Sims Hill Shared Harvest

14th August, 2013

Contributor: Bristol

Membership owned Community Supported Agriculture initiative with sliding scale costs and volunteering opportunities



Sims Hill Shared Harvest is a grass roots initiative set up by inspired individuals who wanted to grow local food in an environmentally friendly, self financing way to the benefit of local communities who could better connect with their food supply. Costs are minimised by offering different types of membership allowing for volunteering time to contribute towards the cost of vegetables.

This is Bristol’s first community owned and run ‘Community Supported Agriculture’ project.

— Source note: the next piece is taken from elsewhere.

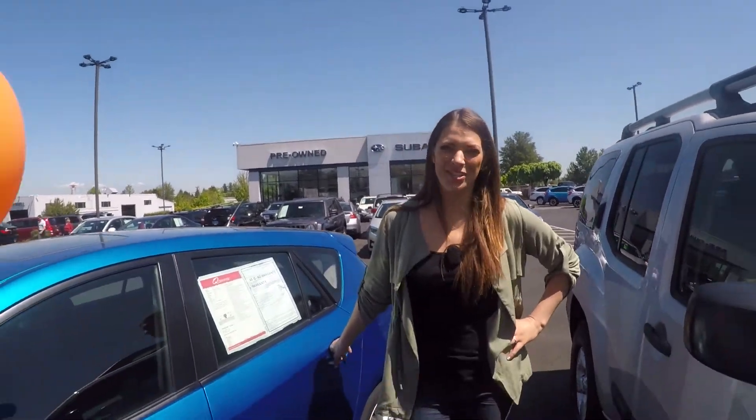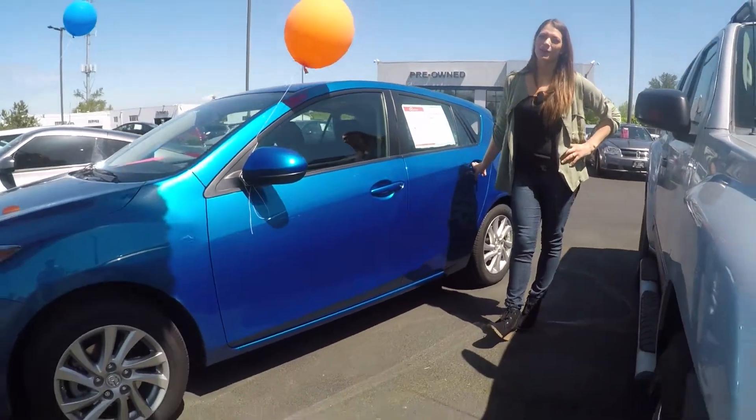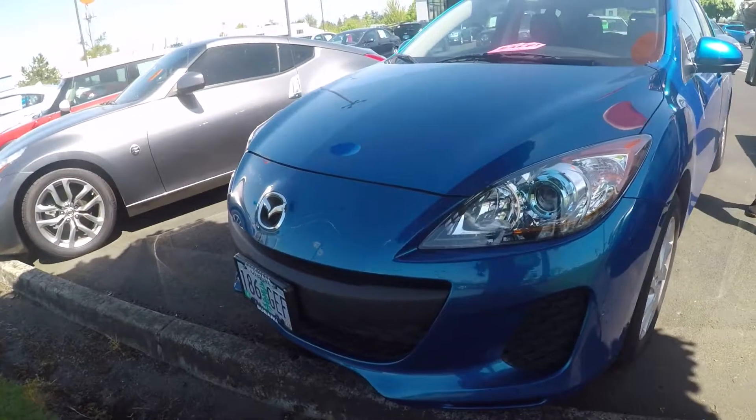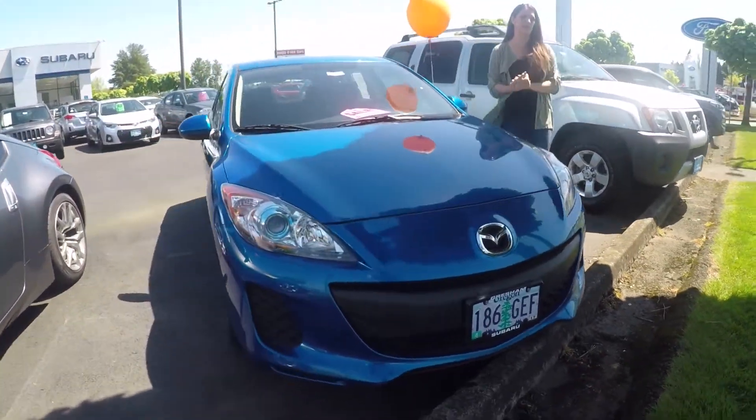Hey there, we're here at the big Subaru store. Thanks so much for texting in. We've got something for everyone. This is a 2012 Mazda 3 Touring. Great condition on the interior and the exterior. This is stock number 20632.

The annual membership fees pay for professional growers to manage the land. Sims Hill also offers opportunities for education, work and recreation, supports people who are socially or economically marginalised, and builds community by creating a relationship between food and its production.

The project has been successful despite substantial challenges experienced from the outset. Originally Sims Hill was to be sited next to Avon Wildlife’s ‘Feed Bristol’ project. This would have provided a range of shared resources and benefits. However ‘Feed Bristol experienced long delays in securing funding and unforeseen circumstances led to relocation on the other side of the motorway to Sims Hill. The relocation eventually turned out to be of great benefit to Feed Bristol providing better quality land where a former market garden had thrived in the past, with existing commercial greenhouses and good accessibility, but meant Sims Hill were left to press ahead alone and without the advantages of shared resources . A drought in the first year prior to the installation of a water supply followed by an exceptionally wet year meant the project was stretched to the limit and at serious risk.

When ‘Feed Bristol’ were finally installed in their current location, Sims Hill was then able to make full use of the massive commercial greenhouse and both could enjoy full collaboration. This summer Sims Hill, with volunteer help installed their own polytunnel creating substantially much more secure conditions against recent extremes in weather.

Sims Hill demonstrate what is possible when determined inspired people collaborate and are supported by the local municipality, in this instance Bristol City Council who provided the land at modest cost and stepped in to lend money for water supply following the near disastrous drought.

Are there other examples of urban Community Supported Agriculture projects in Partner cities and what if any interventions were needed from local administrations to help these start up or continue when faced with extreme challenges.